Also a circus show dealing with the natural world, albeit in a completely different way, is the homegrown Farm Yard Circus – presented by a company with the same name, an eight-strong ensemble (six acrobats, two musicians) who create a joyous melange of tumbling, juggling, and balancing. It’s a delight to watch the little girls in the audience gazing adoringly at the big girls in the show who, dressed in dungaree-shorts with hair pulled into rough bunches, stand shoulder-to-shoulder (literally) with the boys in the troupe, morphing from base to flyer, carrying and throwing with gusto. And the boys are pretty good, too! What is new and fresh and a great advert for the future of UK circus is the size of the ensemble, the range of skills, and the way this lot work together, with the six physical performers fighting fit and full of beans, the two musicians ably employing a range of instruments from banjo to drums and bells, the acrobats augmenting the music with turns on the accordion or percussion. A couple of moments feel a little derivative – some apple juggling sat on a row of chairs that is perhaps a nod to Gandini’s Smashed; some wheelbarrow-wielding and tractor tyre balancing that is a reminder of Cirque Alfonse’s Animal. But that’s a jaded old reviewer talking – when you’ve seen a lot, you’ll inevitably see echoes of other work in young companies. To the excited audiences of Great Yarmouth this is irrelevant – they certainly know a great street show when they see it and respond accordingly, showing their appreciation loudly and with great gusto.

Be Flat: Follow Me: Photo Marcin Rodwell

Back to the overseas companies: Belgian company Be Flat have a new take on circus, the duo of acrobats combining their skills in tumbling and balancing with a breathtaking demonstration of parkour in an aptly-named show called Follow Me, reworked for each new environment that the company present the work – in this case, in and around the Malakoff estate in Yarmouth, where the company were embedded for the week before the Festival, working with local residents on creating a route through the estate.

We start in an outdoor urban courtyard, a rather bleak asphalted space, fenced in by garages and brick walls bearing signs that say No Ball Games. In the centre of the courtyard are a pile of lightweight collapsible chairs – the type that people carry with them on hikes or to outdoor concerts.
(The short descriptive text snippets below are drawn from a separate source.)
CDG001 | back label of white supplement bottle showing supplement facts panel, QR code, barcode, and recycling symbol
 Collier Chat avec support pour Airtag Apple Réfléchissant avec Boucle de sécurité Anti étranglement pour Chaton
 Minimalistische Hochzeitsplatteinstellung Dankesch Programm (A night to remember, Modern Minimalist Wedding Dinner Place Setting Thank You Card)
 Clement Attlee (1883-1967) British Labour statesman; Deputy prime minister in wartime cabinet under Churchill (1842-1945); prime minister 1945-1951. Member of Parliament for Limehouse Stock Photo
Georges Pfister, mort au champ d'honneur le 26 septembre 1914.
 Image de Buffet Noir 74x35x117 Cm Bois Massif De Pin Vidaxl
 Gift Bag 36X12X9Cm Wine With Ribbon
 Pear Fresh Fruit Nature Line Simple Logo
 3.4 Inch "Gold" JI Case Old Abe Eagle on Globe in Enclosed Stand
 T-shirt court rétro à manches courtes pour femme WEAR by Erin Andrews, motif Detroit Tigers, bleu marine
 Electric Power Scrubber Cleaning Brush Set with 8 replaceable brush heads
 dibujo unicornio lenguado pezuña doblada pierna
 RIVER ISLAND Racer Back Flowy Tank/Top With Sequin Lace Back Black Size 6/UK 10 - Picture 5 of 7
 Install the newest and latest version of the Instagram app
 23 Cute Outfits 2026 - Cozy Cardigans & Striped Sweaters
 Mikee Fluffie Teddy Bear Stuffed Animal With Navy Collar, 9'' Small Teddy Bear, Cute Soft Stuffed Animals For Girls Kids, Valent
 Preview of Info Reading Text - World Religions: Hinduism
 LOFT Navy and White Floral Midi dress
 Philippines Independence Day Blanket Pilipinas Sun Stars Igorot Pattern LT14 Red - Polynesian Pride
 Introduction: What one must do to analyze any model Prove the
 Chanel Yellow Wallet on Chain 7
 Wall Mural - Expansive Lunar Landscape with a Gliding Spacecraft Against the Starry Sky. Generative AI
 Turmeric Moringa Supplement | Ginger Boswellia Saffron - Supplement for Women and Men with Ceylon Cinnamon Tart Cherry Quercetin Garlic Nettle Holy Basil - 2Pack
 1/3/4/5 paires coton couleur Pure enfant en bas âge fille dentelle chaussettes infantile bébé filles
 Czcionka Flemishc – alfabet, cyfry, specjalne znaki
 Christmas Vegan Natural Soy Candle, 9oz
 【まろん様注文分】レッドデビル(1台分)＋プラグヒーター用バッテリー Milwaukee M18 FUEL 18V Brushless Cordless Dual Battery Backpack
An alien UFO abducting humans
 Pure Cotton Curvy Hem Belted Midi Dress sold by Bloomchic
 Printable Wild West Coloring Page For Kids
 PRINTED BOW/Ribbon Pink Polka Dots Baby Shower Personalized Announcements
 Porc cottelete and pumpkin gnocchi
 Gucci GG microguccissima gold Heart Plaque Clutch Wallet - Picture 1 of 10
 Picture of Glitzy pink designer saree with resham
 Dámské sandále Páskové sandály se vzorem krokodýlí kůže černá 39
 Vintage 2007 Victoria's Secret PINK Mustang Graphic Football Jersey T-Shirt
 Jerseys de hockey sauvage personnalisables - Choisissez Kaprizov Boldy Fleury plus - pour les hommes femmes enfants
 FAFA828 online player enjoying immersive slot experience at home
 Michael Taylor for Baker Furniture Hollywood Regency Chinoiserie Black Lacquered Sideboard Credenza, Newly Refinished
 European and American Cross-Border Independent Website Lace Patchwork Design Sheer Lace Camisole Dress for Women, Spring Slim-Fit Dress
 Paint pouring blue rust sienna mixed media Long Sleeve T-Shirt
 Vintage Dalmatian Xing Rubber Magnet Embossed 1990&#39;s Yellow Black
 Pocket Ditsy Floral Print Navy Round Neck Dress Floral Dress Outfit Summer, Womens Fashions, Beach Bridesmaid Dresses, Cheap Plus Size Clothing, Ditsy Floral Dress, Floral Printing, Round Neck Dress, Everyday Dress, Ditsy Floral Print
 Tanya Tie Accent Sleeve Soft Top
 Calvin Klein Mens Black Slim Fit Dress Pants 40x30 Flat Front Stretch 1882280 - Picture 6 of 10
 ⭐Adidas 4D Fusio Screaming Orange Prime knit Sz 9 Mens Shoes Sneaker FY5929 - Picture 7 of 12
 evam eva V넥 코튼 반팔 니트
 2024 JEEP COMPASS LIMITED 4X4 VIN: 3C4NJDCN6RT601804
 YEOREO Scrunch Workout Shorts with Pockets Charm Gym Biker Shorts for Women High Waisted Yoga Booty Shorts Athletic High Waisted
And yes, after some warm-up play on and round the chair-mountain, we are all issued with one, and whistled at with smiles of encouragement. So off we go – following our two performers, who take it in turns to lead the group whilst entertaining us by scrabbling up and over walls and railings, through gardens, and up and down trees. As we turn past the remains of the old city walls, the ante is upped as the two performers scale heights, walk along spiked railings with a sheer drop below, and create acrobalance poses in the most unlikely of places – at the top of an archway, say, or halfway up a wall like a pair of spidermen. 

But what of those chairs? We are instructed to wear them like little metal skirts, then form a processional line to dance along the street holding on to the person in front, each of two lines led off by one of the performers. Or we are wordlessly herded along a road and set up as two lines sitting in traverse, so that the two acrobats can take turns cartwheeling and flipping along between us; this turning into a lovely strip-the-willow type dance as we pair up and move along the soul train, waving our chairs in the air, to the applause of the rest of the group.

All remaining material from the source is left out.